Buchalter's general protection racket was an idea used by gangsters all over New York City; what made Buchalter stand out from the rest of the pack, however, was his intolerance of those who didn't pay him. With other hoods, a person who defaulted on payments would get his legs broken. In Buchalter's case, if someone didn't cough up the cash, he or she was simply killed: no second chances whatsoever. Not only would his henchmen kill shopkeepers, they would loot the business before the killing and then burn it afterwards. Buchalter learned the general order of things early on: looting, rape, pillage, arson. His eventual Achilles heel proved to be an informant who said Buchalter was behind two out of every three cases of arson in Manhattan.
Buchalter's success with the protection rackets propelled him to the top of the crime world; the piles of money he raked in were being coveted by old-school Mafia chieftain Salvatore Maranzano by 1929. So, for help, Buchalter went to an old friend: Lucky Luciano. Luciano first arranged the rubout of Maranzano's hated rival, Joe Masseria, using Bugsy Siegel, Joe Adonis, Vito Genovese, and Albert Anastasia as the executioners; he then engineered the elimination of Maranzano, establishing himself as the top mob boss in New York City.

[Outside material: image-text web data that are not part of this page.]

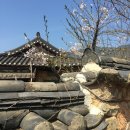 풀꽃민박 이미지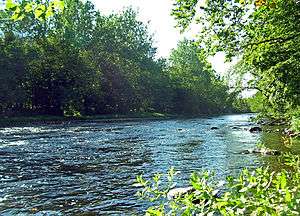 CNeversink River at Cuddebackville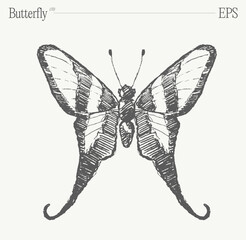 Hand drawn monochrome butterfly illustration on blank backdrop. Vector sketch.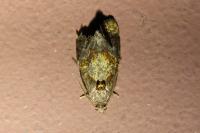 Ditula angustiorana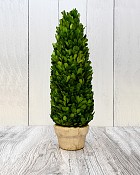 Boxwood Cone Topiary with Pot 17"H 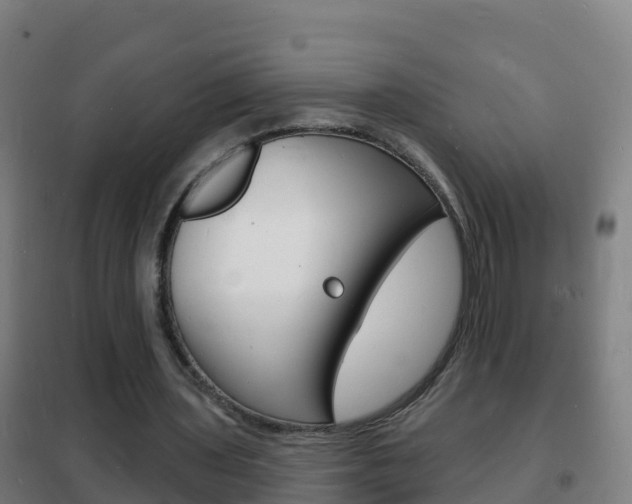X0000102230435200807250813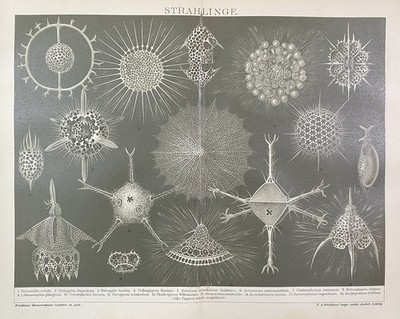 antike Grafik Fauna: Strahlinge - Radiolarien, Urtiere - alte Grafik um 1900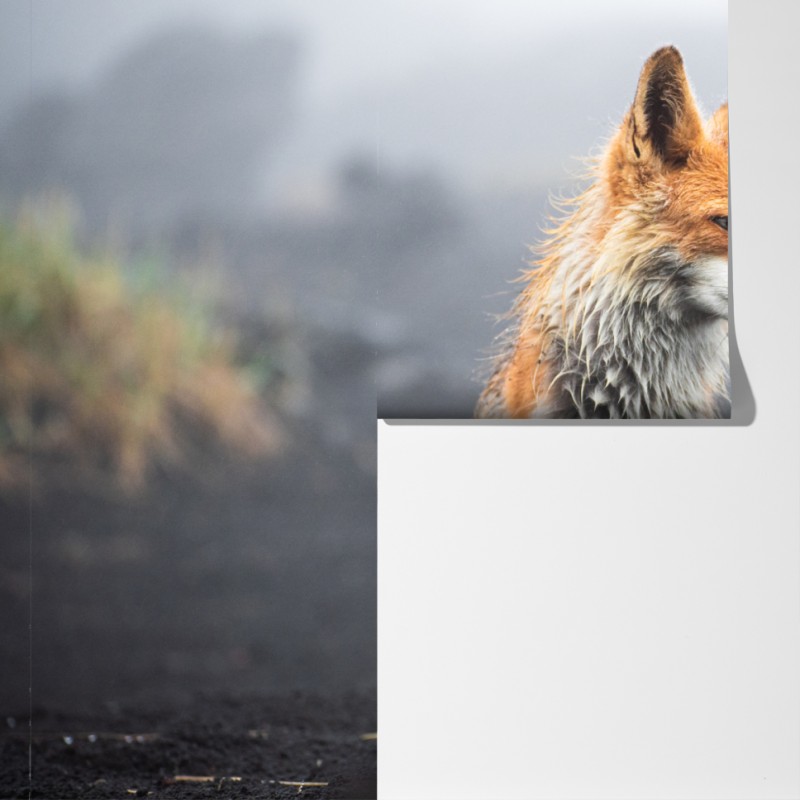 Fototapeta rudy lis w mglistym krajobrazie – Wallissimo® Fototapeta rudy lis w mglistym krajobrazie – Wallissimo®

In the early 1930s, Luciano, Buchalter (who had taken on the nickname Lepke, meaning "Little Louis" in Yiddish), and Johnny Torrio (the former Chicago boss and mentor of Al Capone) formed the National Crime Syndicate, an umbrella organization of all major organized crime groups coast-to-coast. As a founding member, and also as a reward for his support of the murders of Masseria and Maranzano, Buchalter obtained a seat on the Syndicate's "board of directors." To take care of "problems," Luciano's associates Bugsy Siegel and Meyer Lansky formed Murder, Inc. Originally a band of Brooklyn killers of mostly Jewish origin, they were highly effective and eventually used to fulfill most Syndicate contracts. Control of the group soon passed to Buchalter and Albert Anastasia, as Siegel and Lansky had larger concerns to deal with.
Buchalter was probably the bloodiest Jewish gangster of all time. He constantly wore wool suits, but they couldn't warm up his eyes, which were, with some hyperbole, said to be like blocks of ice. He was adept at commanding others to murder for him, ordering assassinations on the phone from his grandmother's house without so much as batting an eye. As many as a hundred corpses have been attributed to Buchalter himself; those under his control may have slain a thousand more nationwide. Some of the more famous hitmen at Buchalter's disposal included Abe Reles, Seymour Magoon, Frank Abbandando, Harry Maione, Albert Tannenbaum, and the infamous Harry Strauss. The rubout of Dutch Schultz on 23 October 1935 was a major killing for the group, as was the murder of Louis Amberg the same day. Buchalter naturally attracted a lot of attention from the FBI during the early 1930s, but thanks to bribed federal judges and other friends in high places, Buchalter got off scot-free every time.